UNC’s Sonja Haynes Stone Center for Black Culture and History will present 10 programs in its "Diaspora Festival of Black and Independent Film," all free and open to the public. Some programs will feature more than one film, with shorts, feature-length films and documentaries among the offerings.
"These screenings highlight an integral part of the Stone Center’s mission, to encourage and support the critical examination of African-American and African Diaspora cultures through open discussion, dialogue and debate," said Dr. Joseph Jordan, center director and professor of African-American studies.
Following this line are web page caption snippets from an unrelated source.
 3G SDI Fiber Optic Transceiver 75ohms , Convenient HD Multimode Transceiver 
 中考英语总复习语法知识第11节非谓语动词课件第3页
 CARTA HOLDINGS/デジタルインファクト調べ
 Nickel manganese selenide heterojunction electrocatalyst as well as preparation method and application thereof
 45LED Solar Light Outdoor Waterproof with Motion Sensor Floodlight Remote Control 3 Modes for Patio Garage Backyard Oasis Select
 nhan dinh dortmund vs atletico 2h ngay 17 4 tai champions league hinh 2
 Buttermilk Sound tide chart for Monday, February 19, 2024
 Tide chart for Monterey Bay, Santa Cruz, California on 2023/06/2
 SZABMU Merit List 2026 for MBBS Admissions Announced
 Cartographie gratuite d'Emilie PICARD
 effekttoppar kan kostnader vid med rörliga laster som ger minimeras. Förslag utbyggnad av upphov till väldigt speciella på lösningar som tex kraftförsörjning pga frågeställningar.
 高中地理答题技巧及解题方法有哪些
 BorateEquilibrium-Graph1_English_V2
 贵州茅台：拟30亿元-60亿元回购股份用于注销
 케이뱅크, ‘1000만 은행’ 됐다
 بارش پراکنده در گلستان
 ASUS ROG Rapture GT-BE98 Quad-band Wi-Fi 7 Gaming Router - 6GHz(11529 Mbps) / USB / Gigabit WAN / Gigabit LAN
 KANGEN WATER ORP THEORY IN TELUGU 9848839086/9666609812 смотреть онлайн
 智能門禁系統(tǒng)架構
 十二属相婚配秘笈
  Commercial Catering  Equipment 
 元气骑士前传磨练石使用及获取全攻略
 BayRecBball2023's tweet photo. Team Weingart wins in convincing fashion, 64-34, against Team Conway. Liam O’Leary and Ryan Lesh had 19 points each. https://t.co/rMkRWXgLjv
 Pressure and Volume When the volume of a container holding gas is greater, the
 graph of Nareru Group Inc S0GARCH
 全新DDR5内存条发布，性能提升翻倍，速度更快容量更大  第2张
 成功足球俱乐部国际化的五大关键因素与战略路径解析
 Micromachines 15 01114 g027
The festival, "Diasporic Bodies/Diasporic Spectacles," began Monday with "February One." Additional titles, times, dates and places will be:
·
"American Exile," 3:30 p.m. Feb. 24, 319 Greenlaw Hall: Story of Pete O’Neal, a former Black Panther leader who has been in exile in Africa for 30 years.·
"Bontoc Eulogy," 7 p.m. March 2, 08 Gardner: Archival photos and contemporary action scenes tell the story of 1,100 Filipinos, including a Bontoc Igorot warrior named Markod, who were brought to the United States as a living exhibit.·
"The Edge of Each Other’s Battles: The Vision of Audre Lorde," noon March 16, Lenoir Hall: A tribute to the late poet Lorde, a black feminist lesbian who wrote several poetry collections and "The Cancer Journals," on her experience with mastectomy and its aftermath. The book won the American Library Association’s Gay Caucus Book of the Year Award in 1981. The film examines Lorde’s social vision through her 1990 "I Am Your Sister" conference.·
"Rocks With Wings," 5 p.m. March 22, location to be announced: The film traces the journey of the Lady Chieftains, a women’s high school basketball team from the small, impoverished Navajo community of Shiprock, N.M., and their coach, the late Jerry Richardson, an African-American high school basketball star from Texas. The team won their state AAA championship in 1992, under Richardson, and again in 2002.·
Special independent shorts night, 7 p.m. March 23, film auditorium, Frank Porter Graham Student Union: "Stolen Moments," a documentary on today’s hip-hop movement; and two fictional entries, "White Like the Moon," in which a Mexican-American mother insists that her daughter, 13, bleach her skin to enhance her chances in an Anglo society; and "Innocent," on police detective Harry Ryan as he uncovers greed and corruption on a police force.·
"Ota Benga" and "Boma Tervuren," 7 p.m. March 30, film auditorium, Frank Porter Graham Student Union: Two stories, first, of Ota Benga, from the Mbuti people of the Congo, brought to the United States by explorer Samuel Verner to be an anthropological attraction at the St. Louis World’s Fair of 1904. The second film is the saga of 267 Congolese men, women and children brought to Brussels to be exhibited at the 1897 World’s Fair; many of disease and exposure to cold.·
"Afro-Punk: The Rock and Roll Nigger Experience," 7 p.m. April 6, 08 Gardner: The film explores racial identity, loneliness, exile, inter-racial dating and black power within the punk scene.·
"Sabado Morning" and "Every Child is Born a Poet: The Life and Work of Piri Thomas," 7 p.m. April 13, film auditorium, Frank Porter Graham Student Union: The first film tells a fictional story of a Puerto Rican police officer who moonlights as a slam poet and is shot because of the color of his skin. The second concerns the life and work of writer and poet Piri Thomas, known for "Down These Mean Streets," an autobiography beginning with his youth in New York’s Spanish Harlem.